Introduction¶
The BEAT platform is a web-based system for certifying results for software-based data-driven workflows that can be sub-divided functionally (into processing blocks). The platform takes all burden of hosting data and software away from users by providing a capable computing farm that handles both aspects graciously. Data is kept sequestered inside the platform. The user provides the description of data formats, algorithms, data flows (also known as toolchains) and experimental details (parameters), which are mashed inside the platform to produce beautiful results, easily exportable into computer graphics or tables for scientific reports.
It is intended as a fundamental building-block in Reproducible Research, allowing academic and industrial parties to prescribe system behavior and have it reproducible through software, hardware and staff generations. Here are some known applications:
- Challenges and competitions on defined data, protocols and workflow components;
- Study group exercises and exams;
- Support to publication submission;
- System and algorithm performance optimization;
- Reproduction of experiments through communities;
- Support for industry-academy relationship.

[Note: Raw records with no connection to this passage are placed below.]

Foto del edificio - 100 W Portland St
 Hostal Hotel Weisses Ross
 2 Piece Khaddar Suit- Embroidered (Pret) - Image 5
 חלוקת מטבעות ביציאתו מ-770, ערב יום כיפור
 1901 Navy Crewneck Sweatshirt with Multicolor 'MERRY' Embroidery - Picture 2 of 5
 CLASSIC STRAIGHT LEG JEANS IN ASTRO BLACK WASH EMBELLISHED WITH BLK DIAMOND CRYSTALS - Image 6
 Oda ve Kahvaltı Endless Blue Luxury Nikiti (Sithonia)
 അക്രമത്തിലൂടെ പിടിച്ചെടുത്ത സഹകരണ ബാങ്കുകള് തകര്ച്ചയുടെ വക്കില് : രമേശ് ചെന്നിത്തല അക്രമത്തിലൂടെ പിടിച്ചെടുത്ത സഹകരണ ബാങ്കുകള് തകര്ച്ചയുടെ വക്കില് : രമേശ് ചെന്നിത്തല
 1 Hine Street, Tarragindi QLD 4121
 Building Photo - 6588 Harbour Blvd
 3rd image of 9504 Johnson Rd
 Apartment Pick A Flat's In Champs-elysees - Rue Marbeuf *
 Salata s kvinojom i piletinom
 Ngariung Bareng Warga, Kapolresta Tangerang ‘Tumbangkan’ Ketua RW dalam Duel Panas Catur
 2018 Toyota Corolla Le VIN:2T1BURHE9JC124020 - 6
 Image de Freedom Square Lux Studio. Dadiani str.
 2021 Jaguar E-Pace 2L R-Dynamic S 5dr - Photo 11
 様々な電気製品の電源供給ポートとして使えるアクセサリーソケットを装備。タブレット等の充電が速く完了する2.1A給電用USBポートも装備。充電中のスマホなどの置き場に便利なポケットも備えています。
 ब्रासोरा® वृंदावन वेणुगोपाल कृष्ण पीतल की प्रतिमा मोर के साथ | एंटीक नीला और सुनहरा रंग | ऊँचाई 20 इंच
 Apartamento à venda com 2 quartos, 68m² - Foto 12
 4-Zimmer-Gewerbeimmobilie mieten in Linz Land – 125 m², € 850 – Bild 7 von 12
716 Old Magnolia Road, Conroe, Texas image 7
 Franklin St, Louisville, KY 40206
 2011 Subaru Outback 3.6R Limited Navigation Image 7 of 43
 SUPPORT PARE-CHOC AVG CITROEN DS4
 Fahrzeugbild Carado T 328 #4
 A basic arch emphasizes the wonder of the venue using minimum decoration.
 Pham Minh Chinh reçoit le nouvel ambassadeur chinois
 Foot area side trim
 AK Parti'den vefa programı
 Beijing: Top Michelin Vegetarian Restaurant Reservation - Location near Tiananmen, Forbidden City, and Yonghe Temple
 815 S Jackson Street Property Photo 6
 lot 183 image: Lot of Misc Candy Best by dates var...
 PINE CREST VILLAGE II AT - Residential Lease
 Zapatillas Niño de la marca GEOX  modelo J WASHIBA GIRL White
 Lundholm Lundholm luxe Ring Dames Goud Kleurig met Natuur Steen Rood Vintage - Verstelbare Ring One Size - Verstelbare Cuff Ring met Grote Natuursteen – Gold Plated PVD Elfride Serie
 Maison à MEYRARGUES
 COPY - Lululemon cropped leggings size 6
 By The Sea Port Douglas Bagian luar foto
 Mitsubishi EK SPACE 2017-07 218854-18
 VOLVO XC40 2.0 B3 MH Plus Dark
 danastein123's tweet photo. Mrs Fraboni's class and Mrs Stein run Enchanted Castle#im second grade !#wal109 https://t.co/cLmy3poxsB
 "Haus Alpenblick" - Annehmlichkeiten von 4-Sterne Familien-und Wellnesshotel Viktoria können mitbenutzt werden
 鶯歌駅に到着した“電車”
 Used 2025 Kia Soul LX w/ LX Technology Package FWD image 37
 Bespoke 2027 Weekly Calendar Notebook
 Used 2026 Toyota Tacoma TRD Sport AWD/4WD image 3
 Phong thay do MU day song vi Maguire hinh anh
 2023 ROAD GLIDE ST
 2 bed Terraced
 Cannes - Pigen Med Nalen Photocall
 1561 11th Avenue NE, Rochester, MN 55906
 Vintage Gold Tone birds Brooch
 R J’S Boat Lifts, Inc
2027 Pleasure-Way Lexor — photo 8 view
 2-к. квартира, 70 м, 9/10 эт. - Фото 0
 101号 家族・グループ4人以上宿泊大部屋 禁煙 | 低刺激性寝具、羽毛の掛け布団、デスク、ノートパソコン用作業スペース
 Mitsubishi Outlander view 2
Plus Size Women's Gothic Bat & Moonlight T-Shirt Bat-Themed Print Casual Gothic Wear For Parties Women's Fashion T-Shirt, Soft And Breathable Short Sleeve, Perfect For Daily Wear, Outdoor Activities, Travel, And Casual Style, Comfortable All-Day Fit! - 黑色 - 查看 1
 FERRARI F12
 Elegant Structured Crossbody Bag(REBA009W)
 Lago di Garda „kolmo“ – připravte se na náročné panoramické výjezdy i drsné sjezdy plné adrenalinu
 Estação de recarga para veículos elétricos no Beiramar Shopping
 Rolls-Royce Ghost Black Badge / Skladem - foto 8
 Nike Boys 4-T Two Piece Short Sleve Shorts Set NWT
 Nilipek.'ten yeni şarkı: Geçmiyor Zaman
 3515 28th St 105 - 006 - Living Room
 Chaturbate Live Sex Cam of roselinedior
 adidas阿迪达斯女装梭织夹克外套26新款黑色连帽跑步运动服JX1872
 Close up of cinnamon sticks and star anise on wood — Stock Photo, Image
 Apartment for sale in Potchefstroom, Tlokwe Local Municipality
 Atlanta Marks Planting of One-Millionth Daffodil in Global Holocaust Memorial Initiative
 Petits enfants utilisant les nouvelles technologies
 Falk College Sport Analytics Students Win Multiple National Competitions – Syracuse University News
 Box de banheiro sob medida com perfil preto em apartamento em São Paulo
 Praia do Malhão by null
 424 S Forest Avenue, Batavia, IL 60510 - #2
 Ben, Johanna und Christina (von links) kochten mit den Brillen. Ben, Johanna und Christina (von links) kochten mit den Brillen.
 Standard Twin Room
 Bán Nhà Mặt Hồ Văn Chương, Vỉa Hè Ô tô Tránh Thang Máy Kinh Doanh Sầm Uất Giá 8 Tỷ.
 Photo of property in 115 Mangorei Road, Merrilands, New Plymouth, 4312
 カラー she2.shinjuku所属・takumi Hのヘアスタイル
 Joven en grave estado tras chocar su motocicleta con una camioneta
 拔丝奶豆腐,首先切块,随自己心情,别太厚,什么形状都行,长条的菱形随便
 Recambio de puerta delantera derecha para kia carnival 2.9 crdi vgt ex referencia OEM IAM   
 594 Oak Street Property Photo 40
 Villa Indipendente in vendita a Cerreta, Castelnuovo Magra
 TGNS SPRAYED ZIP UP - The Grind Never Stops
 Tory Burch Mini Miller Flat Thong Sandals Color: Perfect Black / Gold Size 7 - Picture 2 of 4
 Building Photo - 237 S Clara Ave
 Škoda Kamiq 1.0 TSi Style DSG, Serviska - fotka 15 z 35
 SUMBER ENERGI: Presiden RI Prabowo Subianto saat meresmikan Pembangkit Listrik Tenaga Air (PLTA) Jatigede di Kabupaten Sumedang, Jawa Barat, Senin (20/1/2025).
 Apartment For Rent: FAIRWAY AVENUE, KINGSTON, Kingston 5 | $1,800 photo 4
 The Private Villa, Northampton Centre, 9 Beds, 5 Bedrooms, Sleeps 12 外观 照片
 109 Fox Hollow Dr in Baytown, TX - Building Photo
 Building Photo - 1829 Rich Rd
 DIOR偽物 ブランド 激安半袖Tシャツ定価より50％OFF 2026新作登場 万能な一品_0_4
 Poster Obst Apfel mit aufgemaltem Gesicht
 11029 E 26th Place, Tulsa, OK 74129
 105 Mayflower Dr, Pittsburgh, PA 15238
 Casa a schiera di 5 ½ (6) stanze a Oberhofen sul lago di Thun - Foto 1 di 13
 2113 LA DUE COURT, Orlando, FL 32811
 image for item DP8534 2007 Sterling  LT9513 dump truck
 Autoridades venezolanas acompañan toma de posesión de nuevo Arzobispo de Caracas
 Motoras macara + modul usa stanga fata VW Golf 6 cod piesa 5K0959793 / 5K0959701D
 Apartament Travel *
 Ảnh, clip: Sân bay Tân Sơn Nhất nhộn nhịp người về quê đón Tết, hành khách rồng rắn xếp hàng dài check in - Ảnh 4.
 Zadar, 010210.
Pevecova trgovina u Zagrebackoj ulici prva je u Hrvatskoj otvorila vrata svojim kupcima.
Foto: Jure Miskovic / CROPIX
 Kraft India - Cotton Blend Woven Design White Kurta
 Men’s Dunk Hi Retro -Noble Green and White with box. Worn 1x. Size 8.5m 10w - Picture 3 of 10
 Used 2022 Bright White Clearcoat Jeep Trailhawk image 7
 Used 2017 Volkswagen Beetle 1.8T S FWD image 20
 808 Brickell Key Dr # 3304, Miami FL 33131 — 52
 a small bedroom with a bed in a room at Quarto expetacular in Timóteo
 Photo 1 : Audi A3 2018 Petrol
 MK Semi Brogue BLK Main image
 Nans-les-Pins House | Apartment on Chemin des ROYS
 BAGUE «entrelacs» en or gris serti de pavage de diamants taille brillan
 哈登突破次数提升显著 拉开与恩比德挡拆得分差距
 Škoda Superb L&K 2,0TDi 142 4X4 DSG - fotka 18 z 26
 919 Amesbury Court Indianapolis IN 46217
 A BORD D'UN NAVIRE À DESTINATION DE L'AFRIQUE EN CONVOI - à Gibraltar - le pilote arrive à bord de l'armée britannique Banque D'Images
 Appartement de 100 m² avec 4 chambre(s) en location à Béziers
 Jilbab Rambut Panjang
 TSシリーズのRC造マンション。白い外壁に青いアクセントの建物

This package, in particular, defines a set of core components useful for the whole platform: the building blocks used by all other packages in the BEAT software suite. These are:
- Data formats: the specification of data which is transmitted between blocks of a toolchain;
- Libraries: routines (source-code or binaries) that can be incorporated into other libraries or user code on algorithms;
- Algorithms: the program (source-code or binaries) that defines the user algorithm to be run within the blocks of a toolchain;
- Databases and Datasets: means to read raw-data from a disk and feed into a toolchain, respecting a certain usage protocol;
- Toolchain: the definition of the data flow in an experiment;
- Experiment: the reunion of algorithms, datasets, a toolchain and parameters that allow the platform to schedule and run the prescribed recipe to produce displayable results.
A Simple Example¶
The next figure shows a representation of a very simple toolchain, composed of only a few color-coded components:
- To the left, the reader can identify two datasets, named
set
andset2
respectively. They emit data (of, at this point, an unspecified type) into the following processing blocks; - Following the datasets, two processing blocks named
echo1
andecho2
receive the input from the dataset and emit data into a third block, namedecho3
; - The final component receives the inputs emitted from
echo3
and it is calledanalysis
. Because this block has no output, it is considered a final block, from which the BEAT platform expects to collect experiment results (that, at this point, are also unspecified).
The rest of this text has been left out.